Message-ID: <1214@utah-gr.UUCP>
Date: Fri, 19-Oct-84 13:22:07 EDT
Article-I.D.: utah-gr.1214
Posted: Fri Oct 19 13:22:07 1984
Date-Received: Mon, 22-Oct-84 07:05:29 EDT
References: <1975@stolaf.UUCP> <1590@ucla-cs.ARPA>
Reply-To: thomas@utah-gr.UUCP (Spencer W. Thomas)
Organization: Univ of Utah CS Dept
Lines: 27
Summary: 

In article <1590@ucla-cs.ARPA> dgc@ucla-cs.UUCP writes:
>
>    >Find the greatest number of intersections in an n-gon if all
>    >vertices are connected. Ex.  If you draw lines connecting all four
>    >vertices of a quadrilateral, you get one intersection.
>
>
>The answer to the problem is implicitly stated in the problem. 
>Specifically, every four distinct vertices give rise to one intersection
>and conversely, each intersection determines four distinct vertices.  So
>the the answer is the number of ways one can choose four vertices from
>the given n.
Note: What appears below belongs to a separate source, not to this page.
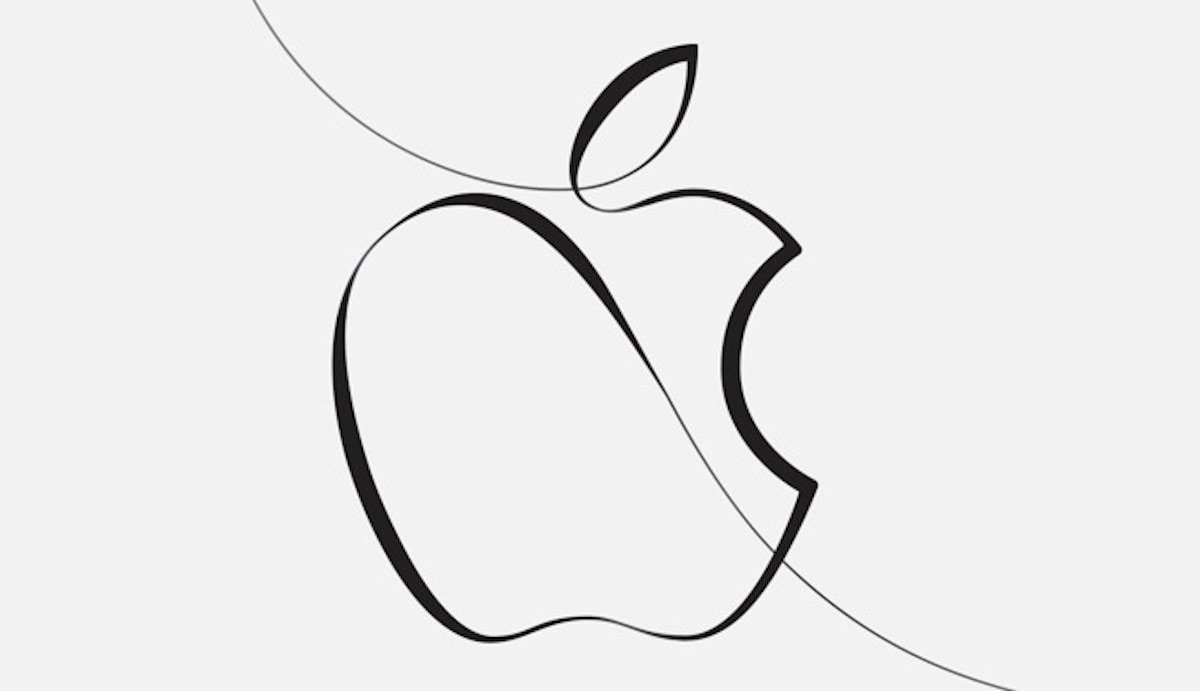 Apple-Logo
That is, it is "n choose 4" which is
>
>		n(n-1)(n-2)(n-3)
>		----------------
>		       24
>

I'm afraid it's more complicated than that.  For example, this formula
gives 15 for a hexagon, but a simple picture shows only 13.  This is
because of the three diagonals that intersect in a single point at the
center.

I don't have the answer, but it looks like it's back to the drawing
board.

=S